Thanks for your help.
Vash wrote:
can someone explain me what is CYC and SL in the nestest log.
Given that CYC wraps around at 341, I'd say that's the PPU cycle within the scanline, which is what SL means.
That log really shouldn't be like that. It should either have just a cycle counter that never rolls over, or no cycles at all, since it's not a timing test anyway.
Thank you for your answer.
So if I got it right, the CYC is the number of cycle of the opcodes wraped around at 341.
I don't understand how SL is calculated cause in the nestest log, it begins at 241 and sometimes goes back to -1.
Vash wrote:
So if I got it right, the CYC is the number of cycle of the opcodes wraped around at 341.
Each scanline is 341 PPU cycles long, no matter if the console is NTSC (where each CPU cycle equals 3 PPU cycles) or PAL (where each CPU cycle equals 3.2 PPU cycles).
Quote:
I don't understand how SL is calculated cause in the nestest log, it begins at 241 and sometimes goes back to -1.
There are 262 scanlines in a frame, 240 of those are visible. The log probably starts at 241 because that's the start of VBlank. The one numbered -1 is the pre-render scanline.
I was going to remove that from the log (and zip it), but then I noticed that it has a disassembly, and even shows what is read from memory by read instructions. We really should have a log that just shows PC, A, X, Y, P, S, with no disassembly or anything else. That'd be much easier to generate for someone just getting their CPU core working.
blargg wrote:
We really should have a log that just shows PC, A, X, Y, P, S, with no disassembly or anything else.
It looks like a job for a Perl one-liner.
Well, yeah, it's simple to do with a regexp-style replacement. But we must first agree on the format before updating it. Here's one I used to give the following format:
Code:
find: (....) ............................ (.........................)[^\r]+
replace: PC:\1 \2
Also went and made these replaceents, since P doesn't implement bits 4 and 5:
" P:2" " P:0"
" P:6" " P:4"
" P:A" " P:8"
" P:E" " P:C"
Changed SP to S, since S is the proper name of the register.

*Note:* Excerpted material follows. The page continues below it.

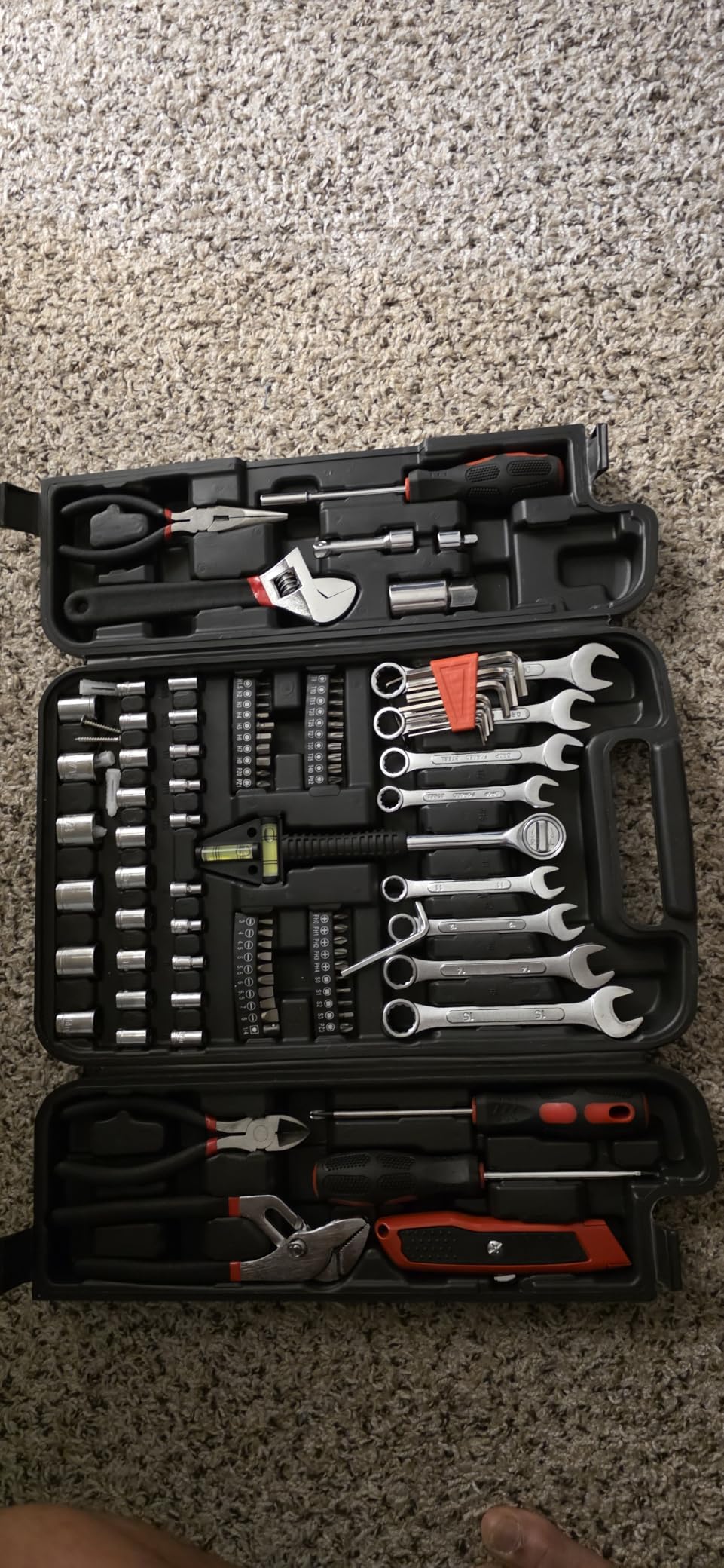 TLGREEN 95-Piece Mechanic Tool Set with Storage Case, Yellow customer photo 1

Changed : to = sign, the proper mathematical symbol.
We end up with this:
PC=C000 A=00 X=00 Y=00 P=04 S=FD
Any other changes before I update the Wiki with this one?
blargg wrote:
Well, yeah, it's simple to do with a regexp-style replacement. But we must first agree on the format before updating it.
My idea was that each emulator author would make his own RE to thin the log down to the data he needs. On the other hand, the ability to disassemble is a good first step toward making a debugger.
OK, maybe I'll post a zip of the full log, and this condensed version. No reason not to provide the latter, as a starter that's trivial to compare with.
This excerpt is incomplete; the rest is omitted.